Démographie: les femmes ont deux fois moins d'enfants qu'en 1950

En moyenne, dans le monde, les femmes ont 2,4 enfants aujourd'hui, au lieu de 4,7 il y a presque 70 ans. La fécondité mondiale a donc globalement baissé de moitié depuis 1950. Mais ces chiffres cachent de lourdes disparités selon le niveau de vie : si les taux de naissances déclinent dans les pays riches, ils flambent dans les pays en développement, selon une étude parue dans la revue The Lancet aujourd'hui.

Selon le professeur de démographie à l'UCLouvain, Bruno Schoumaker, ce phénomène n'est pas nouveau. Cela fait partie de ce que l’on appelle la transition démographique. "La mortalité commence à baisser, puis quelques temps après, la fécondité, donc le nombre d’enfants par femme, baisse. Aujourd'hui, nous sommes plutôt en fin de transition démographique dans le monde. Nous sommes un peu au-delà de deux enfants par femme. Mais cela tend vers deux enfants, qui est à peu près le niveau d’équilibre, le niveau auquel la population mondiale ne croîtra plus."

L'immigration compense le déficit des naissances

91 pays, principalement en Europe et sur le continent américain, n'ont pas un nombre de naissances suffisant pour maintenir leur population actuelle. "Dans certains pays, le nombre d’enfants par femme est très faible et la croissance est négative, donc la population de ces pays diminue. Dans d’autres, c’est en partie compensé par l’immigration. C’est-à-dire que s’il n’y avait pas d’immigration, la taille de la population baisserait", explique le professeur.

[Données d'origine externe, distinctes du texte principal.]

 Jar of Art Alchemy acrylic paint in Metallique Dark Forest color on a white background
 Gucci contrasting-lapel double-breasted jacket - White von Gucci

A l'inverse, en Afrique et en Asie, les taux de fécondité sont en augmentation, selon cette étude de l'Institut de métrologie et d'évaluation de la santé (Université de Washington). Par exemple, les femmes du Mali, du Tchad et de l'Afghanistan ont en moyenne plus de six bébés, voire sept pour celles du Niger."Ce que l’on constate actuellement, c’est que la fécondité est la plus élevée en Afrique subsaharienne : entre 4 et 5 enfants par femme en moyenne", remarque-t-il. "Cela baisse, mais cette diminution a commencé bien plus tard qu’ailleurs. La conséquence, c’est que la croissance démographique dans le monde se produit dans une large mesure dans cette région." 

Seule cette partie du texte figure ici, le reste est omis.